IBC: Should Companies Be Handed Back To Promoters Who Ruined It?The contentious issue of erstwhile promoters making a bid for their previous company under the IBC has reared its head again after the promoters of Essar Steel submitted a revised bid that was much higher than the bid submitted by Arcelor Mittal-Nippon Steel combine, with a condition that the creditors withdraw from the resolution process. As this was a very late bid, it had the potential of derailing the resolution process. Since the revised Essar bid, at Rs 54389cr was substantially higher than the Arcelor Mittal bid of Rs 42000cr, the Committee of Creditors (CoC) could have been swayed. But more than 92% of the creditors have decided to go with the Arcelor Mittal-Nippon bid.
By Linus Garg
By Linus Garg
First publised on 2018-10-31 07:42:43
It is obviously wrong to allow the promoters who have ruined a company and brought agony to creditors to bid for their own distressed assets. The simple reason for this is that it should be seen as an attempt to buy their assets at a heavily discounted price. Some people can also see a degree of fraud in this as the creditors are forced to take massive haircuts. The question also arises that how could the promoters arrange so much cash for bidding when they had none to run the company. Further, would it be wise to hand the company back to the ones who ruined it in the first place?

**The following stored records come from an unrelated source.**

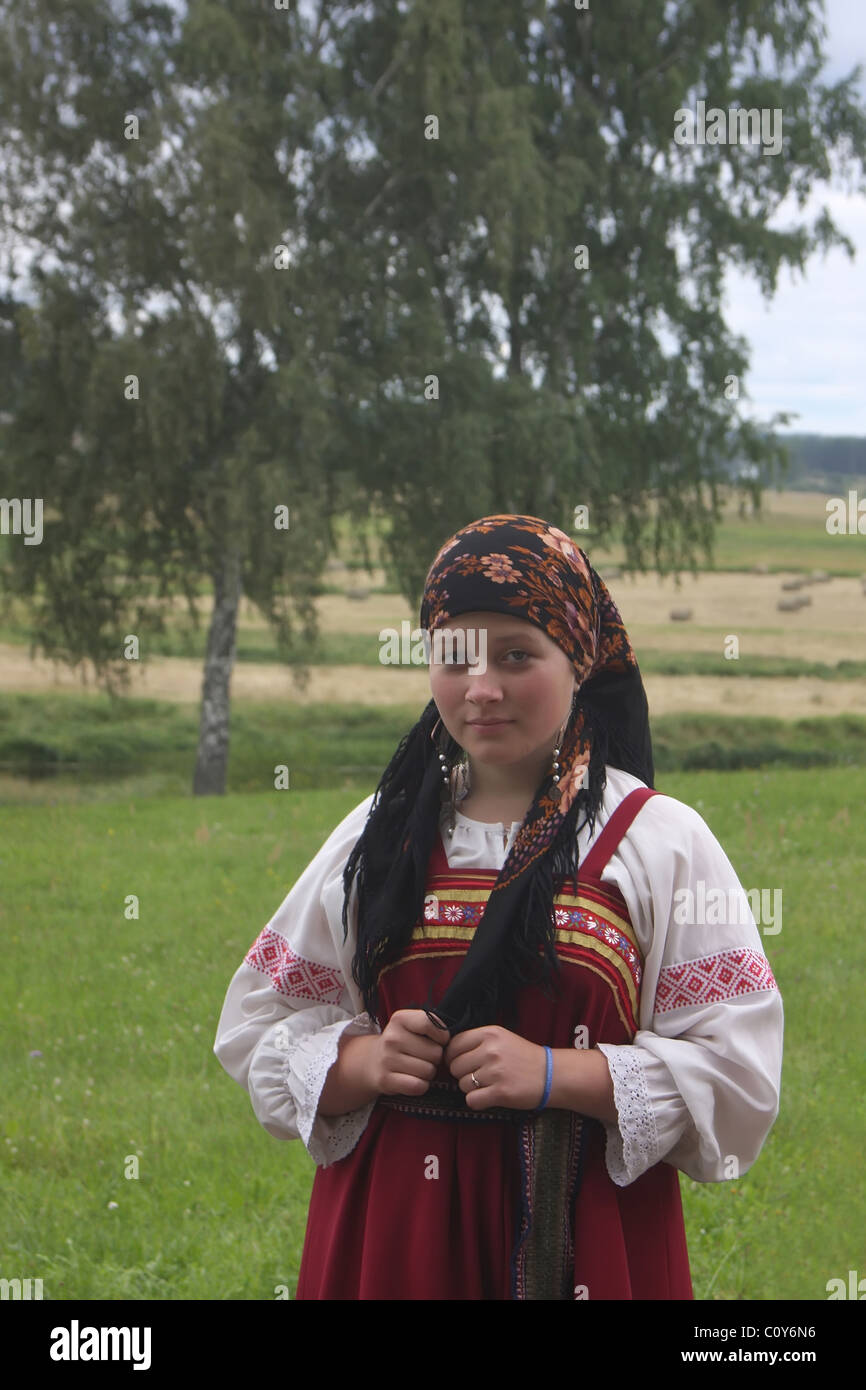 Ein Mädchen in einem russischen folk Kleid an Folklore-Festival in Pskow. Russland Stockfoto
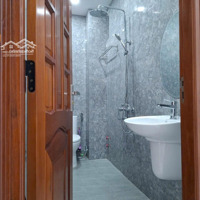 Bán Nhà 4 Tầng Mặt Tiền Đường A2 Vcn Phước Long 2 Nha Trang Đối Diện Công Viên Mát Mẻ.
Nhà 4 Tầng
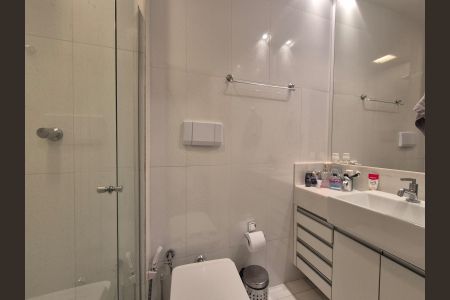 Apartamento à venda com 60m², 2 quartos e 2 vagasbanho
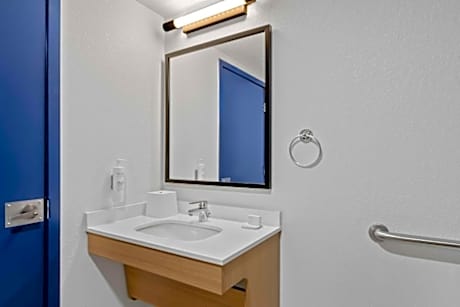 2 Queen Beds Mobility Accessible With Bathtub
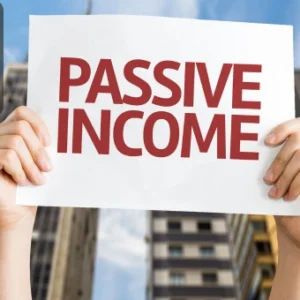 Hands holding a sign with the words "Passive Income" against a backdrop of tall city buildings, symbolising financial growth through affiliate marketing.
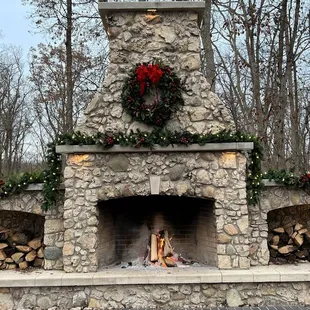 Outdoor fireplace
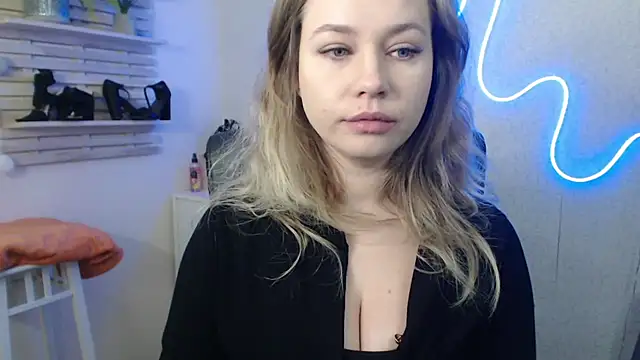 holly xglam online show from 01.15.25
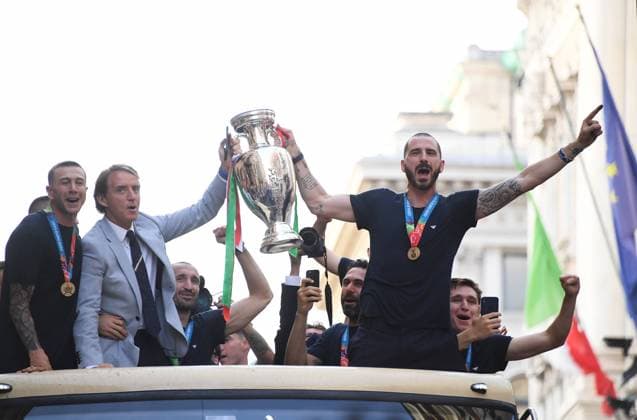 FUSSBALL Euro 2021 12.07.2021 Europameister Italien feiert in einem offenen Buss in den Strassen von Rom den Titel: Federico Bernardeschi, Trainer Roberto Mancini, Giorgio Chiellini, Torwart Salvatore Sirigu, Leonardo Bonucci mit Pokal und Federico Chiesa (v.li.)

Obviously, the short-term interests of the creditors would be served better by going with whoever makes the highest bid as that would prevent them from taking big hits. But those creditors who think prudently would like to take a long-term view and think of doing further business with the revamped entity to recoup their losses. If that is the idea, then there is no point going with a discredited management. Arcelor Mittal-Nippon would bring in international expertise and good corporate policies to revive the company.